Archive for the ‘short stories’ category

Friday Feature ~ Open Country: an allegory

October 21, 2022

This story appeared in the May 2013 issue of the online magazine About Place Journal. Here is a link to the story.

This story is about as close as I’ve ever come to making a political statement with my fiction. The allegory the title refers to is pretty obvious when you read the story. A man with a cabin in the forest wants to be surrounded by only white oaks. The red and black oaks can go find someplace else to grow. But most of all he hates the cedars, which are swarming into his woods, unchecked, and rapidly reproducing. It’s not the forest he remembers from his youth, and he’s cranky about that.

It’s set in a forest much like the one of One-Match Fire, but it’s not part of that universe. I always thought I would have another story suited for About Place Journal, but so far it hasn’t come to me.

I found myself in an unlikely place

September 22, 2022

I was poking around in Goodreads the other day and found myself listed there. Now, there are a half dozen writers listed there by the name of Paul Lamb, and they are not me. But one reference I saw listed a publication called Crossed Genres. It sounded familiar, so I clicked on it, and it turned out to be an anthology that had taken one of my stories back in 2010. I didn’t know it at the time — or until the other day — that the anthology came out in a print edition.

The story is titled “Diaspora” and I’ve written about in several times on this humble blog. The best link is here. I see from that old post that I did know that a print edition was coming, but I guess I never heard anything more about it; I was never sent a copy or invited to purchase one.

But I did find it on Amazon for just a few dollars, so I bought it. I should have it in a few days. It will go on my shelf of print journals that have taken my stories. That will be nice to see when I look up from my creative labors to the bookcase across the room where those journals sit.

I had another story in a printed journal that I did know about at the time, and I was invited to purchase a copy. But the price was $27! I checked around, and several people had complained to a blogger who keeps track of these things reporting the same thing. Apparently it is the method of this publisher to accept work and then solicit purchases from the accepted writers as a reliable revenue stream. I didn’t buy a copy, but I do check occasionally on ABE Books to see if that issue is there and at a reasonable price. Someday, maybe I’ll have that document to put on the shelf across the room too.

Update 5OCT22 – The journal arrived and when I slid it onto the shelf with the other journals I have with my stories, I found that I had already received a copy of it. Not sure how I’d forgotten that. And now I’m waiting on another physical copy of a different journal. I had thought that I would get a free contributor copy, but after a couple of months I wrote to the editor who said that they didn’t have the budget for that. So I bought it for a few dollars (plus shipping). Another to put on my shelf anyway.

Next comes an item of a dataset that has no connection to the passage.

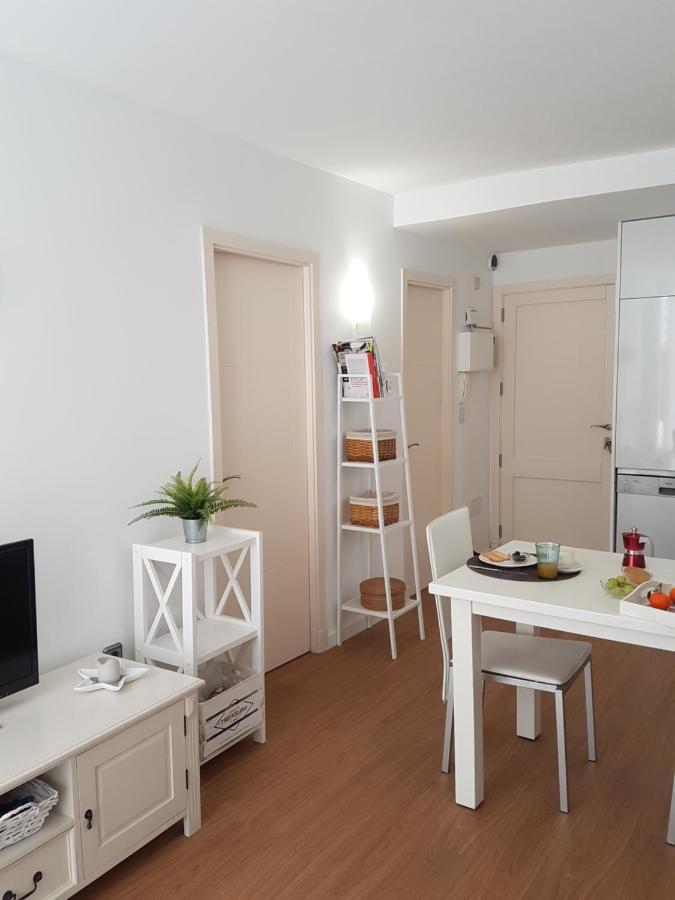 Apartamento Tatu Home Port de Alcudia  Eksteriør billede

“Travel Light” will reappear next month

September 7, 2022

My story “Travel Light” will appear in the second volume of Made of Rust and Glass, an anthology of Midwestern fiction, next month. The official release date is October 4.

“Travel Light” is an older story of mine that first appeared in Penduline Press in 2013. The story is about an office float trip on the Kaw River near my home. I had considered it the foundation for an entire novel about the character featured in it, but then along came the characters in my One-Match Fire stories, leaving no space in my brain for other stories, and that original idea never developed.

Made of Rust and Glass is a print anthology, though there is an e-book version you can buy. I won’t be able to share a link here, but the story is still up at Penduline Press.

“Memento Mori” is now up at Cape Magazine

August 31, 2022

My story “Memento Mori” is now up at Cape Magazine (go to page 60), a British publication that’s been around for more than a decade. I had submitted my piece to the magazine’s “This Is the End” themed call, and they liked it. I hope you do too.

If you read the piece you’ll notice a similarity to Hemingway’s story “A Clean, Well-Lighted Place.” I take a different direction with my story.

This story takes place in my One-Match Fire universe, though it includes none of those characters and makes no reference to it even indirectly. I have a companion story, called “First, Do No Harm” that connects to this story, and the characters in that are from my OMF stories. They become involved in what happens in “Memento Mori.” I’m still shopping that other story around, so I can’t link you to it to see the connection.

__________

I am in St. Louis this week, looking after Small Paul while his daddy is in Nebraska (I know, it sounds like a made-up place, but it’s real — I’ve been there) and his momma is attending/teaching classes at the university where I got my undergrad degree. So far, we’re getting along well.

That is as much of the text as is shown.